## lilg132 Group Title help with question 2 years ago 2 years ago

1. lilg132 Group Title

$v = {g \over k} (1 - e ^{-kt})$ v = velocity g = gravitational constant which is $9.8 ms ^{-2}$ k = (measured in $s^{-1}$ t = seconds what is e? in the equation

2. lilg132 Group Title

lanaaa to the rescue :p

3. lalaly Group Title

which course are u taking lilg/?

4. lilg132 Group Title

you know already ee can you help me?

5. lalaly Group Title

differentiation?

6. lilg132 Group Title

i think it involves differentiation

7. lalaly Group Title

this is a differential equation and e^-kt is the homogeneous solution

8. lilg132 Group Title

the value for k (s^-1) is 0.15 the value of t you can say is 1 second

9. lilg132 Group Title

what would it be -kte^-kt?

10. lilg132 Group Title

0? :s

11. lalaly Group Title

I still dont get what ur question is, why did u differentiate that? write down the full question lilg

12. lilg132 Group Title

its really long one minute

13. lalaly Group Title

Take ur time im not leavin:)

14. lilg132 Group Title

It is already known that objects falling under the influence of gravity obey the equations of constant acceleration, with a gravitational constant g (usually taken to be 9.8 ms ^-2) that applies to all objects independent of their size or mass Under more realistic conditions, objects falling through air will quickly reach a state of constant velocity, this velocity, which depends on the size, shape, and mass of the falling object, is called terminal velocity. you are on a team developing parachutes for skydivers the velocity v (in ms^-1) of a typical skydiver after t seconds is modelled by your team using the equation $v = {g \over k} (1 - e ^{-kt})$ the value of k (measured in s^-1) is used to model the different stages of the skydivers decent. The table shows some values found through the experimentation: TYPE OF MOTION k(s^-1) Human in free fall 0.15 Parachute deployed 2.00 1) use a spreadsheet to plot the changing velocity over the 0 to 3 seconds for a parachutist 2) what is the terminal velocity for the skydiver? theres more questions but yes im stuck on 1 :p

15. lilg132 Group Title

anyone?

16. JopHP Group Title

do u k anything abt Euler's formula ?

17. lilg132 Group Title

no

18. JopHP Group Title

e^x=e^z(cosy + i siny) this is the formula

19. lalaly Group Title

Jop euler cant be used here:S

20. lilg132 Group Title
21. JopHP Group Title

WHY?

22. lilg132 Group Title

e^2.00(1 second) = cos(1) + 2sin(1)

23. JopHP Group Title

did it work with u?

24. lilg132 Group Title

that would give me -1.223244275 (btw i made a mistake it should -2sin(1))

25. lilg132 Group Title

so ${9.8 \over 2.00} (-1.223244275)$

26. lilg132 Group Title

but shoudn't it be ${9.8^{-2} \over 2.00^{-1}}(-1.223244275)$

27. lilg132 Group Title

which gives you -0.02547364171

28. lilg132 Group Title

-0.02547364171^-1

29. lilg132 Group Title

is that right?

30. lilg132 Group Title

which is -39.25626384

31. JopHP Group Title

i think it makes sense But i'm nt sure

32. lilg132 Group Title

but i also forgot to take in account that 2.00 should 2.00^s-1 :S that confuses me the most

33. SmoothMath Group Title

Is your question really just what e is?

34. lilg132 Group Title

thats one of my questions but i can see gets taken out using the eulers formula, if thats what im supposed to use in this. but i need help working out question 1 really

35. lilg132 Group Title

if someone can show me how they would write the equation out with the values that would help me understand alot better

36. experimentX Group Title
37. lilg132 Group Title

where did you get 10 from? and what about when it says k is measured in s^-1?

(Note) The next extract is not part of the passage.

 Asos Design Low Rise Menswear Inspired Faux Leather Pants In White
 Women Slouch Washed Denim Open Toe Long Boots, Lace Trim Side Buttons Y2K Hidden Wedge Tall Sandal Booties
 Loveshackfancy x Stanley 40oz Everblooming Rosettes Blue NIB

38. SmoothMath Group Title

Okay okay. Well, the question of what e is is not too hard. e is a mathematical constant. Its value is approximately 2.71828

39. lilg132 Group Title

ok thanks for that smoothmath

40. lilg132 Group Title

also g = 9.8 ms^-2

41. SmoothMath Group Title

Yup. If you want to read more about it or understand why it's important, wikipedia is a good source, as always. http://en.wikipedia.org/wiki/E_(mathematical_constant)

42. experimentX Group Title

just putting arbitrary values ... e is Euler's constant ... your velocity should be increasing with constant acceleration ... but since air resistance is directly proportional to velocity .... after certain velocity .. your velocity remains constant ... just another decay equation!!

43. lilg132 Group Title

44. SmoothMath Group Title

1) use a spreadsheet to plot the changing velocity over the 0 to 3 seconds for a parachutist

45. SmoothMath Group Title

I mean... I'm not fantastic at spreadsheets, but this is a simple problem as long as you are inputting the equation correctly.

46. lilg132 Group Title

what im mainly confused about is when i use these values in the equation FOR EXAMPLE g = 9.8 ms^-2 to put it in the equation as 9.8^-2 or just 9.8

47. SmoothMath Group Title

just 9.8 =)

48. lilg132 Group Title

and the same for k when it says it is measured in s^-1 so i should just leave it as 0.15 or 2.00 instead of 0.15^-1

49. SmoothMath Group Title

When they say "ms^-2" that's the unit only. $ms^{-2} = \frac{m}{s^2}$ Which is the saem as "meters per second squared."

50. lilg132 Group Title

also the end result v is in ms^-1 so the end answer e.g. is 20 would i write it as 20^-1 or just 20

51. SmoothMath Group Title

Yup. Don't worry too much about the units here =)

52. lilg132 Group Title

ok :)

53. lilg132 Group Title

soooo if you can just check one answer for me if its correct im going to use k = 0.15 and t = 1 second so i would get $v = {9.8 \over 0.15}(1 + \cos(1) - 0.15\sin(1))$ or is it - cos(1)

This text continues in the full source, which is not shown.